WORK REQUIRED: After locating the line with "Genuine Samsung Black" below, output it and each following line exactly, stopping after the line with "Tendedero De Ropa". No pictures.

AVAILABLE DATA:

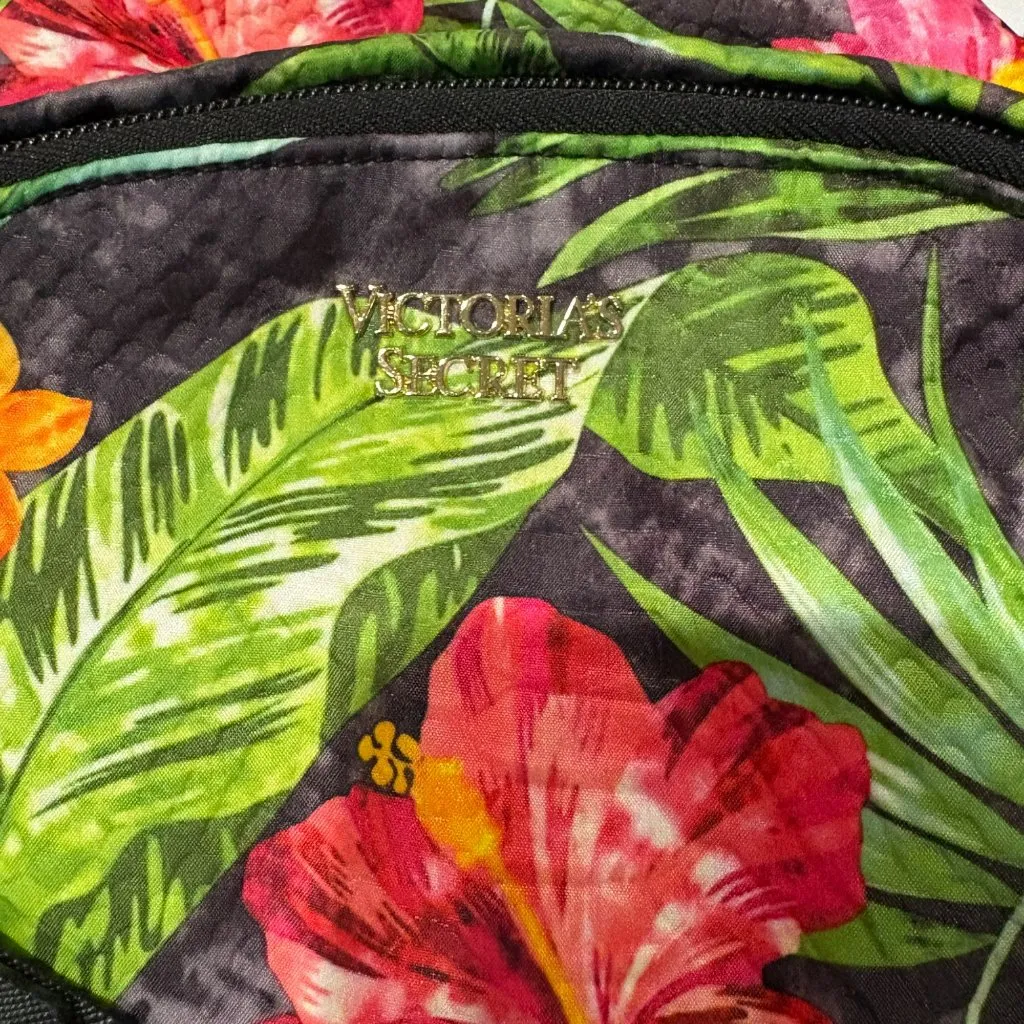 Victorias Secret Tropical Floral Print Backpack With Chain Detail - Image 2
==
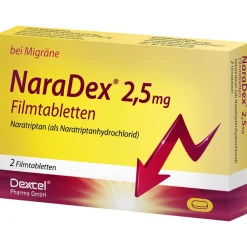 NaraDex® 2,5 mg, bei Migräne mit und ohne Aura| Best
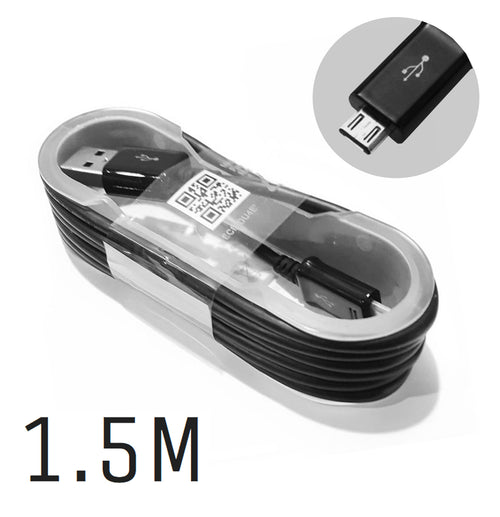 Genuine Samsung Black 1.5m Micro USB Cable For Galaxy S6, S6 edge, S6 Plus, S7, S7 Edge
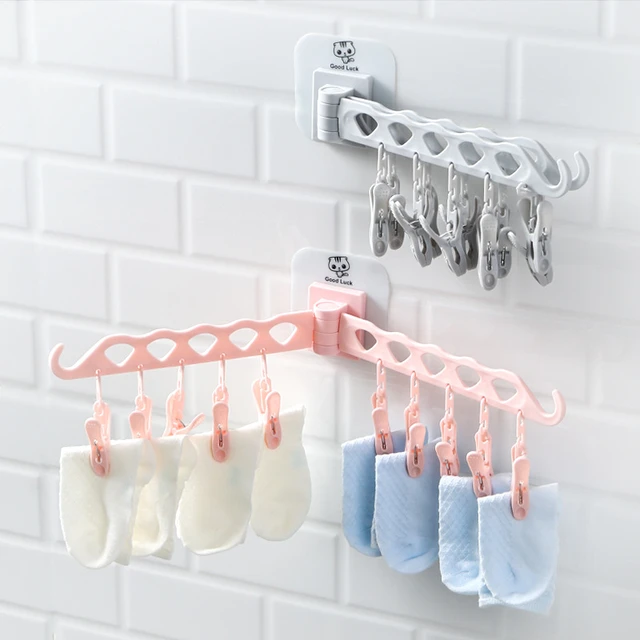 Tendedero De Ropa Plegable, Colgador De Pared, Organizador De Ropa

SOLVED EXERCISE:
 Genuine Samsung Black 1.5m Micro USB Cable For Galaxy S6, S6 edge, S6 Plus, S7, S7 Edge
 Tendedero De Ropa Plegable, Colgador De Pared, Organizador De Ropa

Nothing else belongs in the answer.